La joint venture tra finlandesi e tedeschi risale al 2007, già in par­tenza nasce sotto l'egemonia di Helsinki e il distacco progressivo della multinazionale bavarese dal­le telecomunicazioni. Il nucleo por­tante della ricerca di Cinisello e Cassina de' Pecchi è una diretta ere­dità del vecchio insediamento Ital­tel di Castelletto di Settimo, ai tem­pi di Marisa Bellisario uno dei tem­pli della ricerca made in Italy (un altro era il centro Honeywell di Pre­gnana Milanese e un altro ancora quello Telettra di Vimercate). Se ora i due siti dovessero chiudere o comunque spegnersi si chiudereb­be la lunga stagione del polo mila­nese delle telecomunicazioni d'avanguardia. E' evidente che in questo business i cinesi sono all'at­tacco, colossi come la Huawei e la Zte sono i nuovi padroni del cam­po e si vocifera anche di un interes­samento di quest'ultima per ciò che resta dell'Italtel.

In questi anni Cinisello e Cassi­na hanno subito un lento dimagri­mento ma adesso siamo alla frutta. «La Nokia smantella in maniera fa­risaica. Dice di non licenziare ma esercita il massimo della pressione perché la gente si licenzi. Non cre­do proprio che sia un modo corret­to di comportarsi in un Paese stra­niero » denuncia Zanotto. Ufficial­mente a Milano resterebbe la ricer­ca sul Gsm-Edge, ma è risaputo che per questa tecnologia il merca­to è declinante e quindi non ci si può far affidamento. La cosa scon­certante, a detta dei sindacati, è che mentre il governo italiano si lancia nei progetti di finanziamen­to della banda larga la Nokia ci cre­da poco o niente. Il segnale che ar­riva da Roma è giudicato vago, la dotazione di risorse (800 milioni) diluita in cinque anni non pare par­ticolarmente attraente e comun­que di fronte al miraggio di raffor­zarsi in Cina quei soldi sono peanu­ts, noccioline.
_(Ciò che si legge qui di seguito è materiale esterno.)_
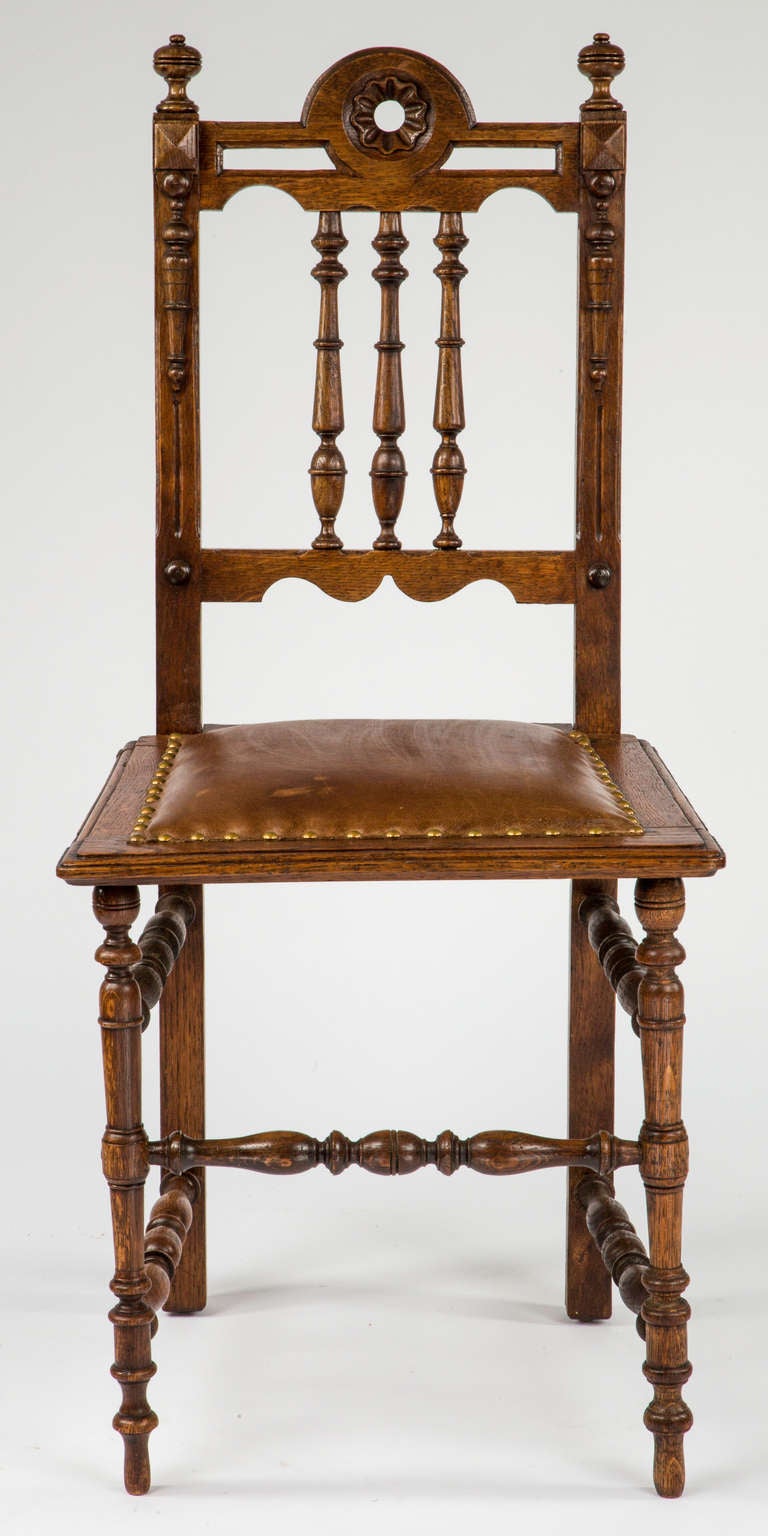 Pair of early 1900s chairs. Beautiful turned legs and details. Originally seats were done in cane. Replaced with new upholstery in leather and antique brass studs. Very comfortable and sturdy.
Per i 600 ricercatori milanesi è iniziata una lunga Via Crucis. Han­no un'età media attor­no ai quaranta e quin­di per loro non ci so­no prepensionamenti possibili. Guadagna­no circa 2 mila euro al mese ma chi si è messo in caccia di un nuovo posto di lavo­ro ha trovato (rare) of­ferte a 1.000-1.200 eu­ro al mese e per di più con un contratto a progetto. La prote­sta dei ricercatori ancora non è esplosa. Non sono tipi da picchetti duri e da manifestazioni clamoro­se, solo pochi sono iscritti al sinda­cato e come forma di lotta preferi­scono lo sciopero bianco e l'azione dimostrativa a mo' di rappresenta­zione teatrale. Qualche settimana fa, ai primi segnali di sganciamen­to della Nokia, hanno organizzato «il funerale della ricerca» con tan­to di bara e di preghiera per il caro estinto. E' difficile che vadano a bloccare la tangenziale, è più facile è che inizi per loro una lenta dia­spora. Qualcuno ha intenzione di prendere i soldi dalla Nokia per di­mettersi e aprire un'edicola, qual­cun altro riparerà in Svizzera. Così aspettando l'Expo la ricerca a Mila­no potrà morire in silenzio.